If some measure was observed for more than two conditions and you want to test whether the measure varied between conditions, use a repeated-measures analysis of variance (ANOVA) analysis. For example, say that you wanted to examine whether response time varied depending on the set size variable.

one_way.head()
shape: (5, 3)
subjectset_sizeresponse_time
i64i64f64
130.884958
150.830895
170.83307
230.755198
250.868365
pg.rm_anova(
    data=one_way.to_pandas(),  # some Pingouin functions require Pandas
    dv="response_time",
    within="set_size", 
    subject="subject",
)
Source ddof1 ddof2 F p-unc ng2 eps
0 set_size 2 44 7.831295 0.001232 0.058064 0.923359

To report the results of this test, you could write something like:

We tested whether response time varied with set size using a one-way repeated-measures ANOVA. We observed a significant effect of set size (F(2, 44)=7.83, p=0.0012, ng2=0.058).

For ANOVAs, report the general eta squared measure as a measure of effect size.

Two-way repeated-measures ANOVA#

If there were two variables of interest that were manipulated, and you want to determine whether some measure varied with either variable, use a two-way repeated-measures ANOVA. For example, say that there was a set size variable that could be 3, 5, or 7 items, and a probe variable that could be either target or lure, and you want to examine how response time varied based on set size and probe.

two_way.head(6)
shape: (6, 4)
subjectprobeset_sizeresponse_time
i64stri64f64
1"lure"30.895321
1"lure"50.926712
1"lure"71.028225
1"target"30.884958
1"target"50.830895
1"target"70.83307
pg.rm_anova(
    data=two_way.to_pandas(),  # some Pingouin functions require Pandas
    dv="response_time",
    within=["set_size", "probe"],
    subject="subject",
)
/home/runner/work/datascipsych/datascipsych/.venv/lib/python3.13/site-packages/pingouin/distribution.py:507: FutureWarning: DataFrame.groupby with axis=1 is deprecated. Do `frame.T.groupby(...)` without axis instead.
  data.groupby(level=1, axis=1, observed=True, group_keys=False)
/home/runner/work/datascipsych/datascipsych/.venv/lib/python3.13/site-packages/pingouin/distribution.py:508: FutureWarning: DataFrameGroupBy.diff with axis=1 is deprecated and will be removed in a future version.

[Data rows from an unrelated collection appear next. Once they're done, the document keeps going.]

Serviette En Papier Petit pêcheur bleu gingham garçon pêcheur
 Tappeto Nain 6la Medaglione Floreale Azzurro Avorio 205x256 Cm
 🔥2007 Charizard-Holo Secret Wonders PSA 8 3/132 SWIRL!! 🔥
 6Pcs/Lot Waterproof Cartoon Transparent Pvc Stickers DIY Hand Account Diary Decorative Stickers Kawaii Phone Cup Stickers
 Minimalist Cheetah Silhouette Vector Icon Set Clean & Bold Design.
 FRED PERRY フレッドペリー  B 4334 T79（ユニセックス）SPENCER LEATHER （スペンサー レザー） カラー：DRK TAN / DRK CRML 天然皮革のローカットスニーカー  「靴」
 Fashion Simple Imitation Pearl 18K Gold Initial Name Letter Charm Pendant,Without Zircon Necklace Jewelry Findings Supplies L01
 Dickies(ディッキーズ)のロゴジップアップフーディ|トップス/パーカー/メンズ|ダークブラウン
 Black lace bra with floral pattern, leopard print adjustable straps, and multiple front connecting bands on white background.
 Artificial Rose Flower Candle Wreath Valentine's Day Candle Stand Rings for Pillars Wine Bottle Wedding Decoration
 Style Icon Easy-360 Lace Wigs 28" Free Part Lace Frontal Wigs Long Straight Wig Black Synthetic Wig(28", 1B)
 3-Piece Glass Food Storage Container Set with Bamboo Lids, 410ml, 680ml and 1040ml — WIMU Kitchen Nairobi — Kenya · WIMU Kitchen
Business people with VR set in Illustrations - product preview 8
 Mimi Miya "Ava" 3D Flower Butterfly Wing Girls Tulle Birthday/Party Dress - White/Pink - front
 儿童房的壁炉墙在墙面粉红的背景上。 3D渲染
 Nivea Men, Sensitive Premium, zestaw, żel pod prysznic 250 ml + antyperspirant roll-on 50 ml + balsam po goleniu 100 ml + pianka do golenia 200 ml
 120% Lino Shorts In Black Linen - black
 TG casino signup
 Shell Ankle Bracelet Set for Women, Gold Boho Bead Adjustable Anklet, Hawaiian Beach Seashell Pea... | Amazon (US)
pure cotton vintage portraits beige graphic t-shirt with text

Operate on the un-grouped DataFrame instead
  .diff(axis=1)
Source SS ddof1 ddof2 MS F p-unc p-GG-corr ng2 eps
0 set_size 1.049384 2 44 0.524692 13.292064 0.000031 0.000257 0.065393 0.721376
1 probe 0.545674 1 22 0.545674 8.312252 0.008634 0.008634 0.035106 1.000000
2 set_size * probe 0.109888 2 44 0.054944 2.167342 0.126550 0.137903 0.007274 0.807938

To report the results of this test, you could write something like:

We tested whether response time varied with set size using a two-way repeated-measures ANOVA. We observed a significant effect of set size (F(2, 44)=13.29, p=0.000026, ng2=0.065), a significant effect or probe (F(1, 22)=8.31, p=0.0087, ng2=0.035), and no interaction (F(2, 44)=2.17, p=0.14, ng2=0.0073).

The Greenhouse-Geisser correction is used to avoid an assumption of standard ANOVAs that different conditions will be equally correlated with one another. In this case, the three set sizes may not be equally correlated, and the p-GG-corr column has a p-value that is corrected for this possibility.